From:Steve Adams
Date:27-Mar-2001 11:26
Subject:   Snapshot tool old - will increasing the buffer cache help?

Assuming that process B does not open its cursor until process A has completed, and that no further modifications to the data that it is reading are in progress, then your guess about delayed block cleanout failure is probably right. For that to be true however, there must be enough undo generation during the first running of process B to cause rollback segment extent reuse before process B can complete. Also given that a transaction is not marked with an upper bound commit SCN when delayed block cleanout fails with ORA-1555, for process B to succeed when run again, either there must be significantly less undo generation at that time, or the blocks in question must have been cleaned out by other short duration queries in the interim. This is not impossible, but I have a hunch that there is more to this than the simple delayed block cleanout failure case that you have suggested. Nevertheless, I'll proceed on the assumption that you are correct.

The threshold for commit cleanout is 10% of the buffers in the cache, which in your case is 6000 buffers. With each transaction only modifying 1000 rows, it is unlikely that you are exceeding that threshold unless there is a lot of index maintenance involved. Even then, you are unlikely to exceed that threshold because you have 16 concurrent sessions all modifying blocks. If your snapshot too old errors are indeed due to delayed block cleanout failure, it seems unlikely that an increase in db_block_buffers will enable commit cleanouts to succeed consistently, thus obviating the need for delayed block cleanout.

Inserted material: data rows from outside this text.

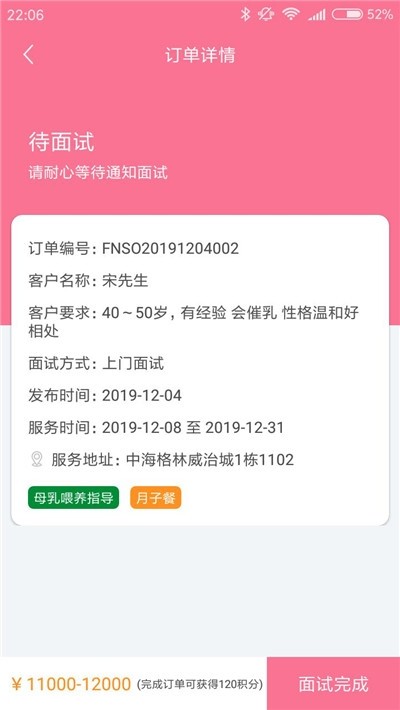 维其月嫂端app家政服务
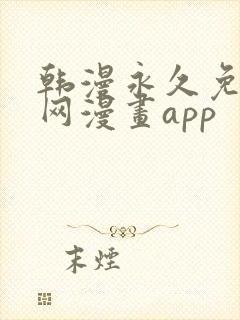 韩漫永久免费全网漫画app封面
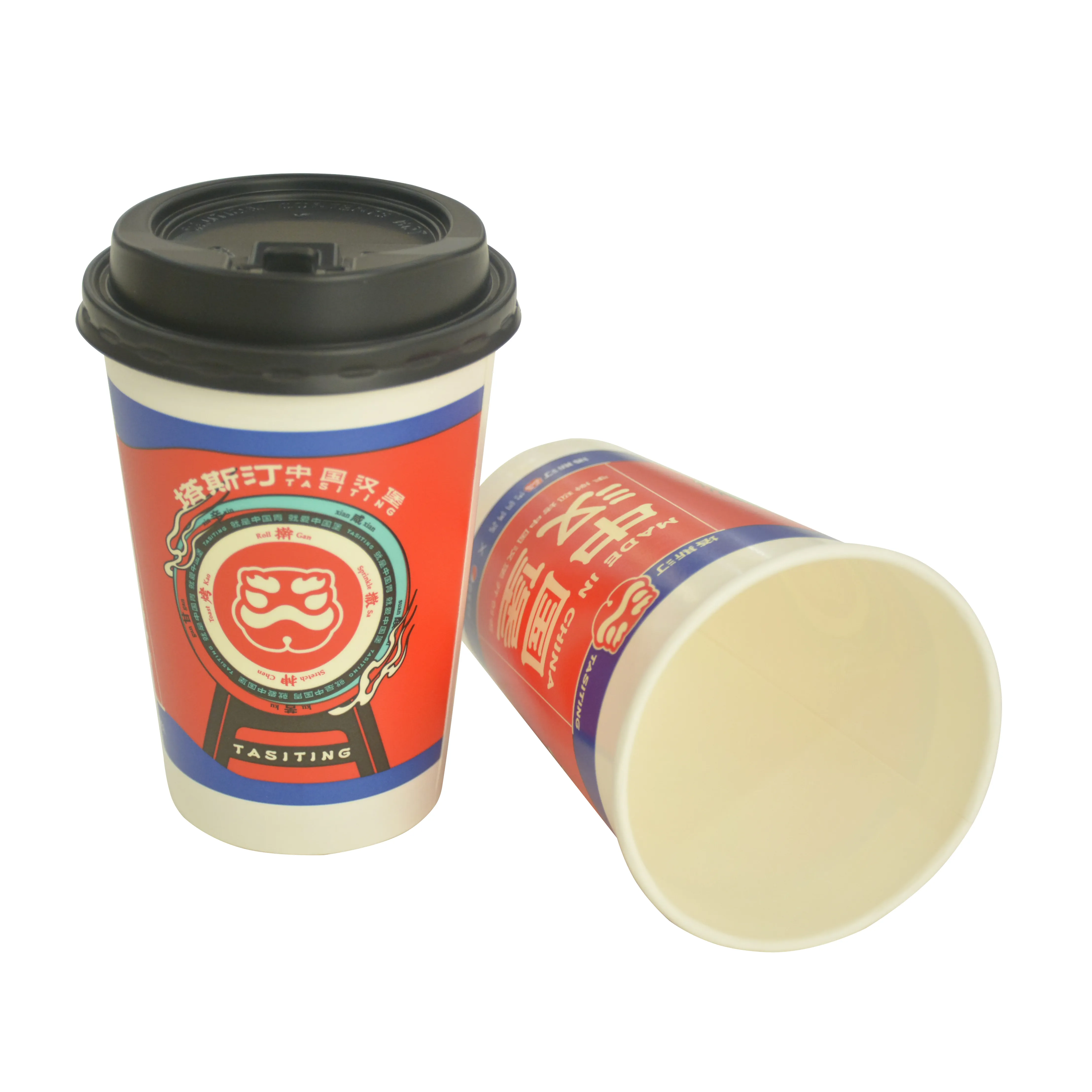 Minlo Customized Logo Hot Cold Beverage Cups Disposable Cold Drink Hot Coffee Paper Cup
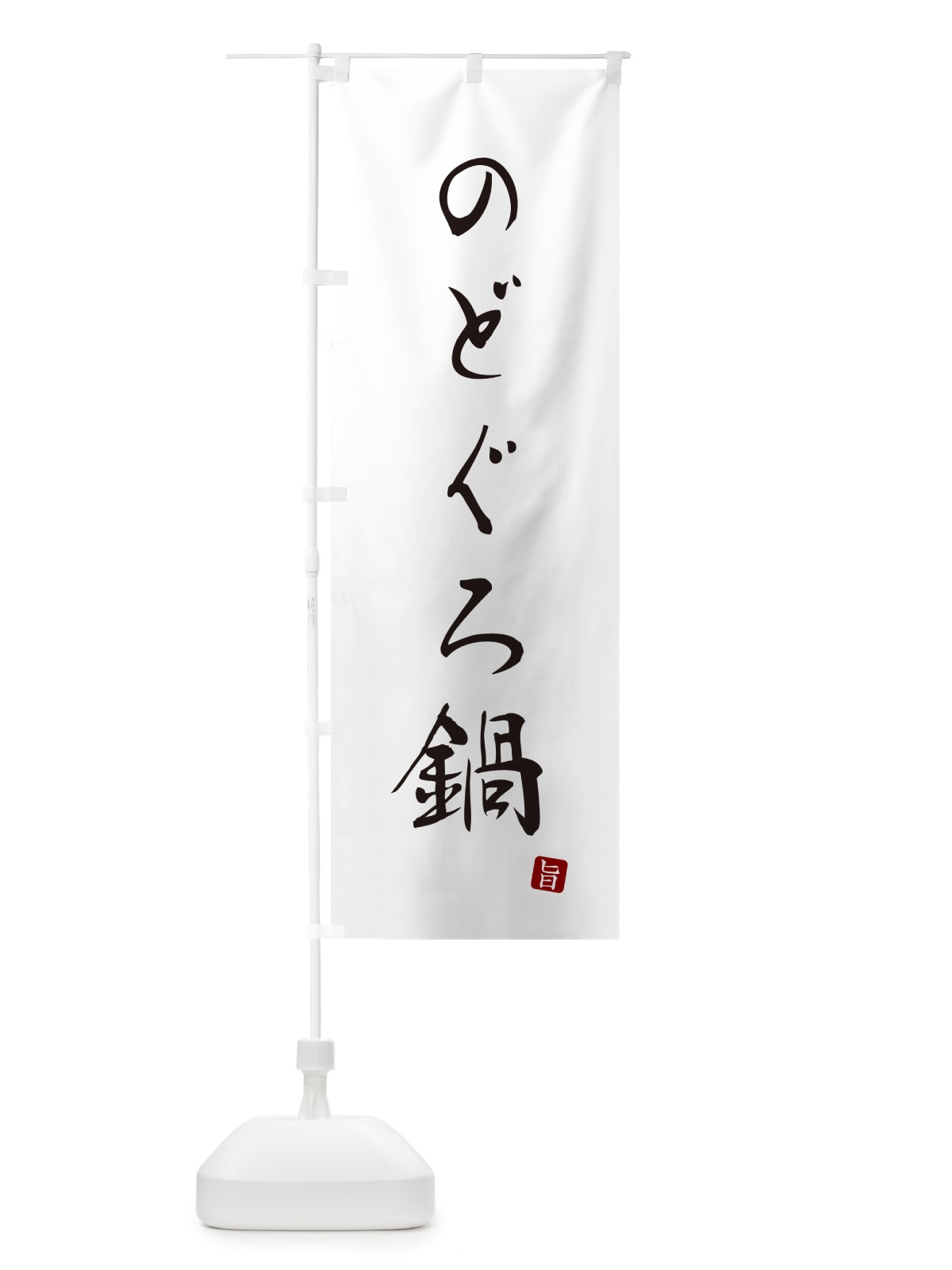 のぼり のどぐろ鍋 のぼり旗 N262(デザイン【A】)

It could be that you are defeating commit cleanout with incremental checkpointing. If you have set db_block_max_dirty_target (or fast_start_io_target or log_checkpoint_interval under 8i) then DBWn could be writing the dirty blocks before their transactions commit. If so, they will not be cleaned out at commit, and subsequent delayed block cleanout would be necessary. If multiple sessions for process A can visit the same block, this effect could be exacerbated, because the placement of a buffer on the checkpoint queue depends on the time of its first modification. So if a session modifies a block that is already close to the head of the checkpoint queue because of an earlier modification, then it is easy to see how that block could be written before the transaction commits. Indeed, this could happen even for log switch checkpoints. In either case, a change in the size of the buffer cache will not make any difference.

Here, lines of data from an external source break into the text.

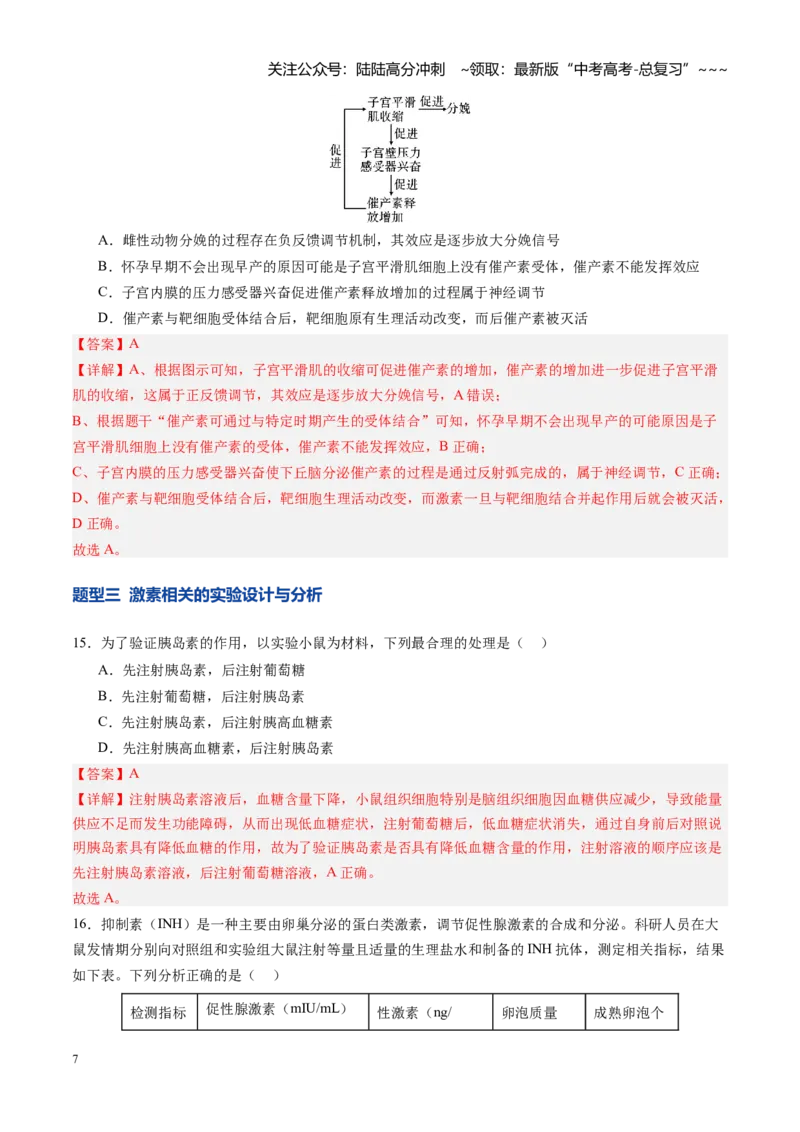 《第26讲体液调节（专项训练）（四川专用）（教师版）_06-生物-高考总复习_一轮复习_2026年-生物高考一轮复习_2026年高考生物一轮课件+讲义+练习（四川专用）-G335》第7页预览
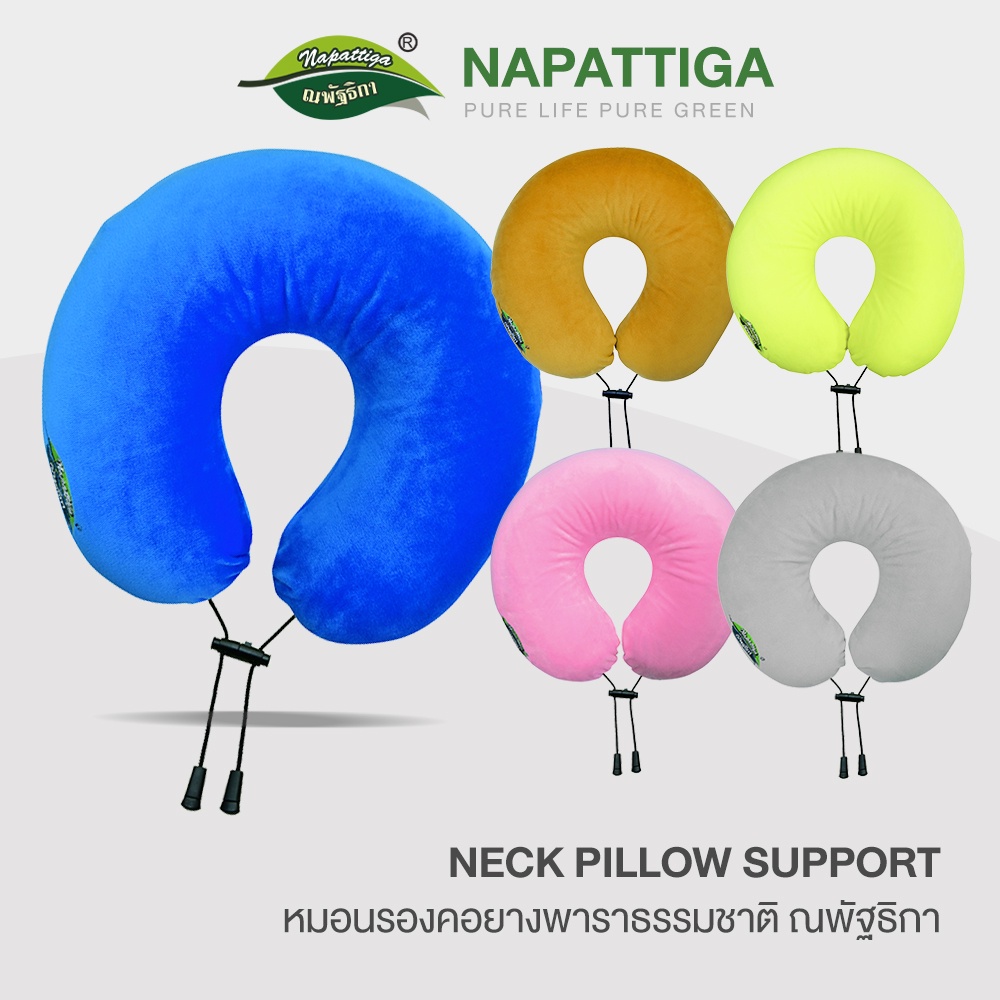 Napattiga pillow hotsell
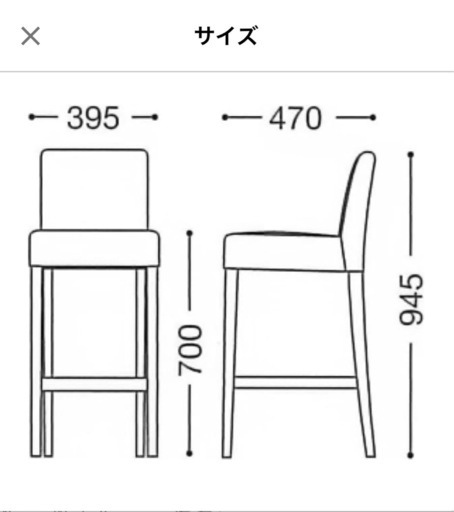 カウンターチェア カウンター椅子4脚セット レスタックS70 
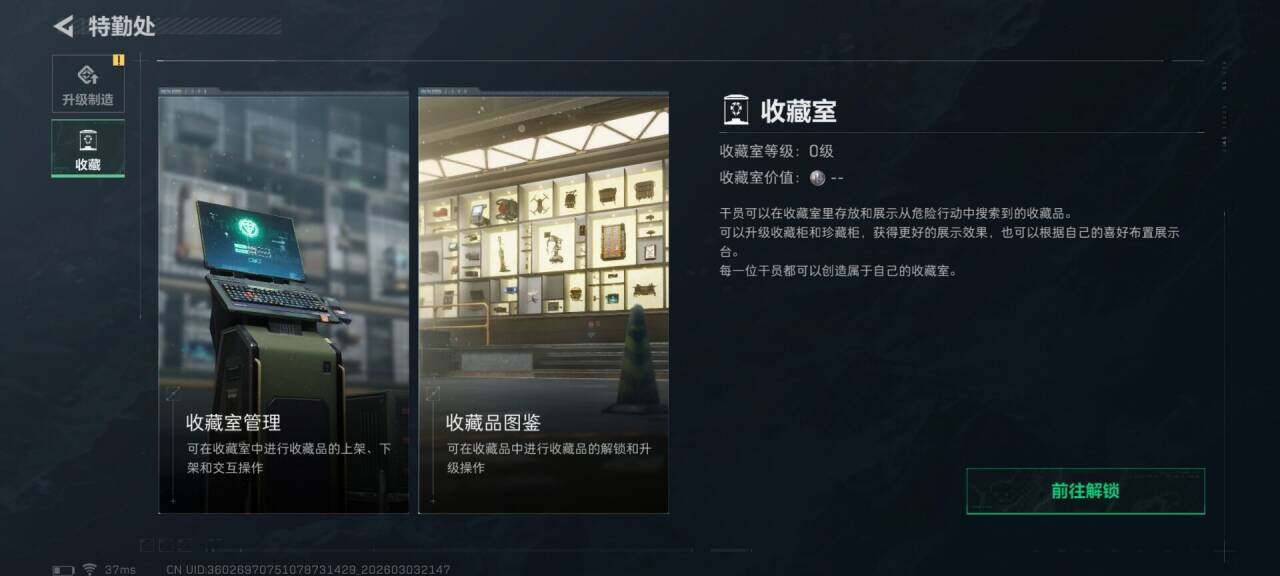 SJZQM457956三角洲行动账号详情图17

Other than preventing extent reuse during the first running of process B (which is a sure-fire solution) your best bet if this is indeed a delayed block cleanout failure problem is to ensure cleanout in a separate step between processes A and B.

We have been getting "snapshot too old" error consistently on a process. The processing scenario is as follows:

  1. Process A runs and updates over 3 million rows which span over 175,000 data blocks. This process has been split into 16 sessions which run concurrently. The commit frequency is every 1000 rows.
  2. Process B runs next, single threaded, reading the rows that are updated in step 1. This process always fails with "snapshot too old" error and when rerun completes to success.

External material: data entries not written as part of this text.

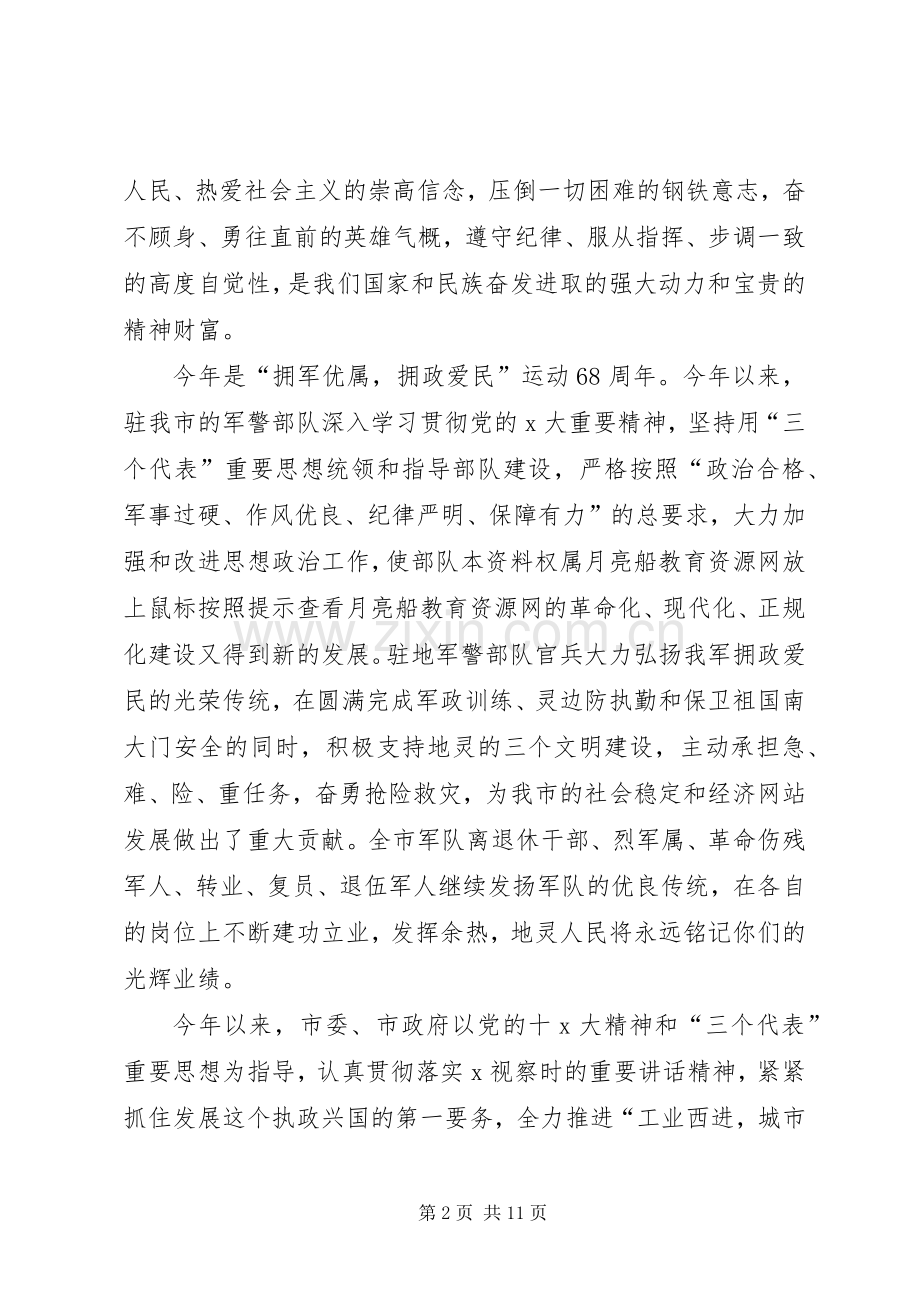 八一建军节演讲致辞.docx_第2页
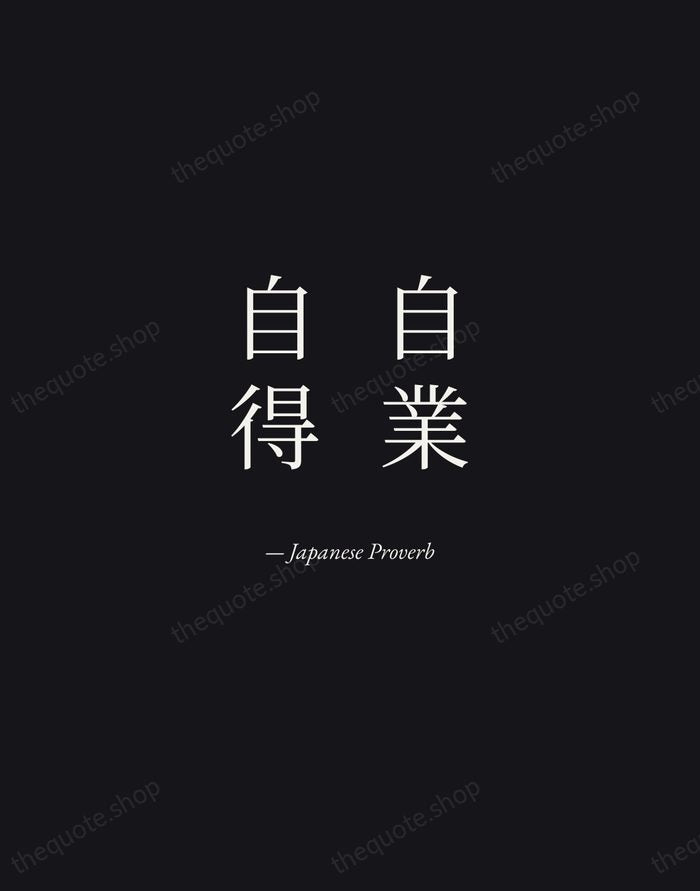 自業自得 — Japanese Proverb — Manuscript Italic
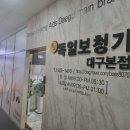 독일보청기대구본점 이미지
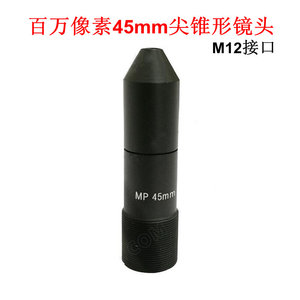 监控锥形镜头百万像素45mm高清M12尖锥型镜嘴 MP单板摄像机安防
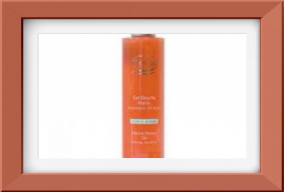 Image-Thalgo-kosmetyki-MARINE -SHOWER- GEL Image-Thalgo-kosmetyki-MARINE -SHOWER- GEL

My guess is that we are faced with a delayed block cleanout situation because our buffer cache is only 60,000 blocks and we are updating over 175,000 blocks with over 3000 transactions. Also, the block size is 8k and we have 40 RBS with 2MB extent size in an LMT. Each RBS is created with 20 min extents and an optimal size of 40 MB.

Would increasing the buffer cache to 150,000 blocks alleviate this problem? If not, what would be the solution?